The College Guide has discussed the continuing fight over Obama’s proposed direct-lending program before. Lenders oppose the plan and have created an alternative proposal to keep the banks in the student lending business. Back in January the Congressional Budget Office estimated that the lenders’ Student Loan Community Proposal would save taxpayers $13 billion less over ten years than the Democrats’ plan to move all loans to direct lending.

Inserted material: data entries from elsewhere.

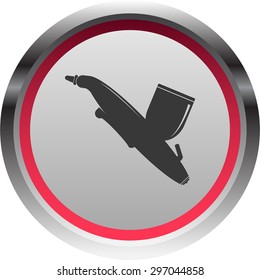 vector illustration of modern icon airbrush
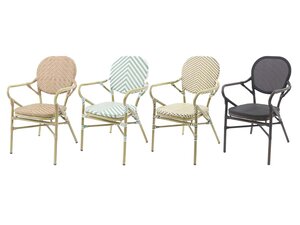 FEROS Tango Bistrostuhl, Rattan/Textil, Indoor & outdoor,...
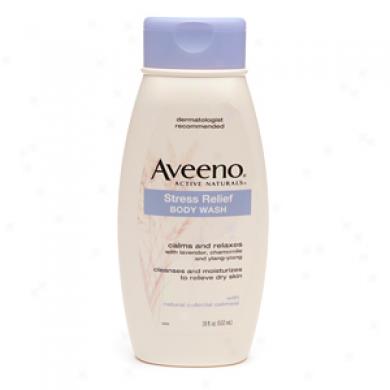 Aveeno Active Naturals Stress Relief, Body Wash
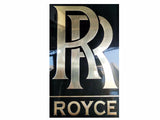 Brass Chromed-Black Classic Car Rolls Royce Logo Garage Sign Wall Plaque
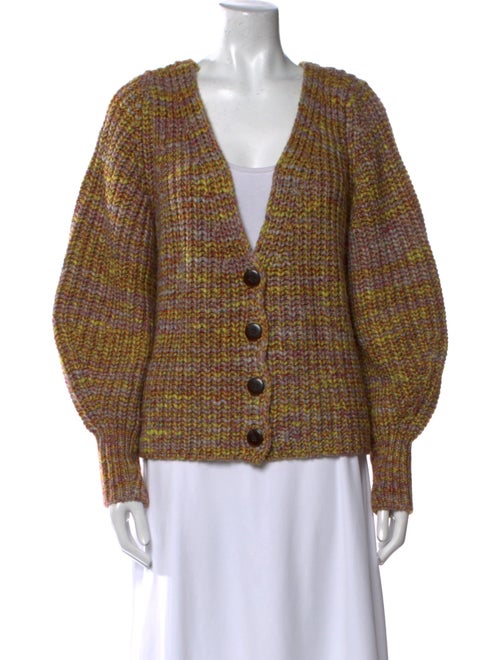 BA&SH Cable Knit V-Neck Sweater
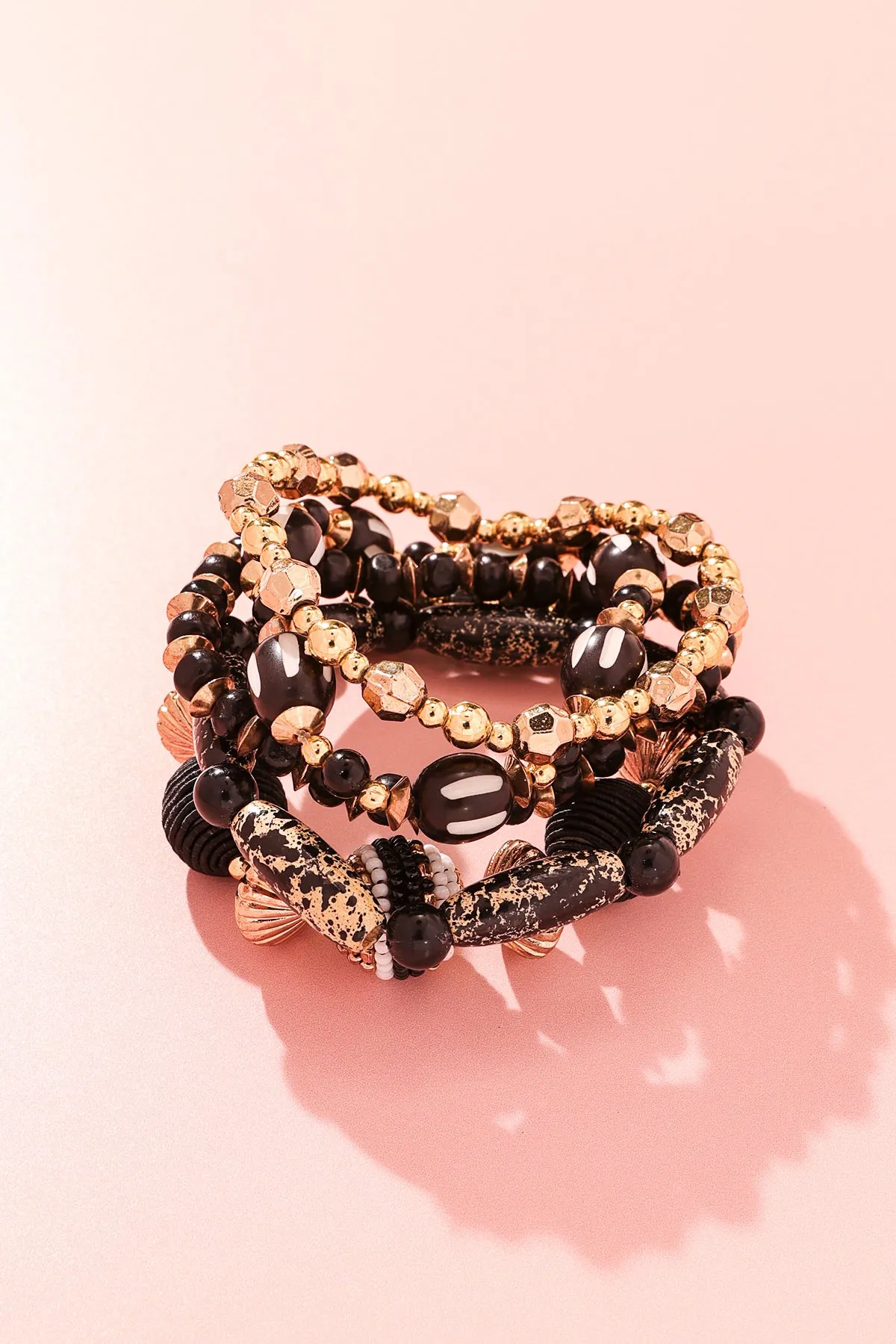 Obsidian Glamour Bracelet Set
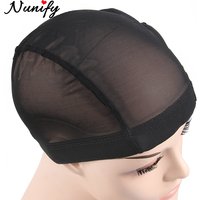 Nunify 6Pcs Mesh Net Glueless Hair Net Wig Liner Cheap Wig Caps For Making Wigs Spandex Net Elastic Dome Wig Cap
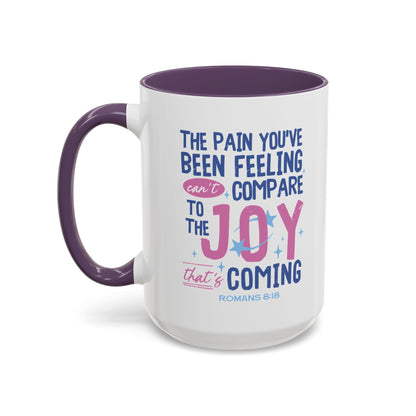 Inspirational Coffee Mug - Joyful Encouragement with Romans 8:18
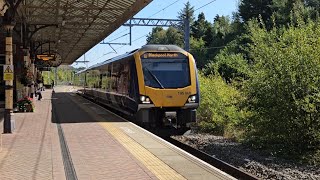 Northern 195008 Runs 1B23 York To Blackpool North At PoultonLeFylde Railway Station [upl. by Hofstetter]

Well that looked a little wrong. So everyone went back to work to come up with new calculations more amenable to Democrats, President Obama, the banks, and (presumably by extension) American taxpayers. And so, according to an article in the Chronicle of Higher Education:

The nonpartisan Congressional Budget Office, at the request of Democrats, made another review of the latest alternative the industry proposed to President Obama’s plan to end the bank-based loan program. And the budget office concluded the industry plan would save taxpayers about $8.5-billion less than would the Obama administration’s plan.

Well, $8.5 billion vs. $13 billion. I guess that’s progress.

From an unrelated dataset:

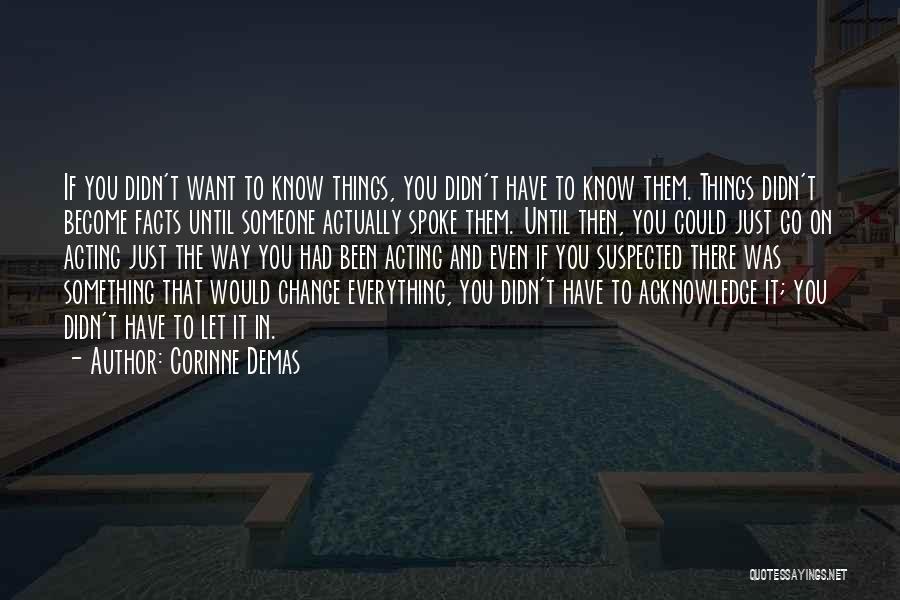 Corinne Quotes By Corinne Demas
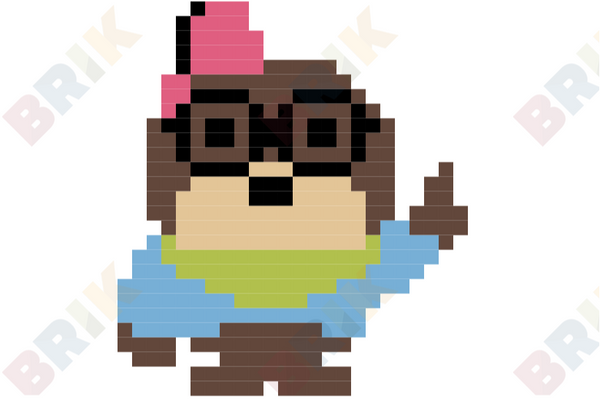Morocco Mole Pixel Art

The new estimate came from reconsidering how long student loan companies remain involved in providing student loans. The savings calculations are based on ten years or mere five years of bank involvement before the industry is finally eliminated from higher education.

Mark Kantrowitz of FinAid says the numbers don’t really matter, however. It’s not really money yet: “These figures are [just] the excuses needed to justify spending more money on student aid without having to raise taxes or cut other programs.”